Data.
▼▼▼

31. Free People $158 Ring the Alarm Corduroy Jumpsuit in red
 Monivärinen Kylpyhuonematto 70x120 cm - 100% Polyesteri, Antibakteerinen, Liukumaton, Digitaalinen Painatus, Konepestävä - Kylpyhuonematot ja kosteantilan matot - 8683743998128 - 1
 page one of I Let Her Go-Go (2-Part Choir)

▲▲▲

Problem. Print the whole listing once more, exactly as it stands.

Answer to this problem.
31. Free People $158 Ring the Alarm Corduroy Jumpsuit in red
 Monivärinen Kylpyhuonematto 70x120 cm - 100% Polyesteri, Antibakteerinen, Liukumaton, Digitaalinen Painatus, Konepestävä - Kylpyhuonematot ja kosteantilan matot - 8683743998128 - 1
 page one of I Let Her Go-Go (2-Part Choir)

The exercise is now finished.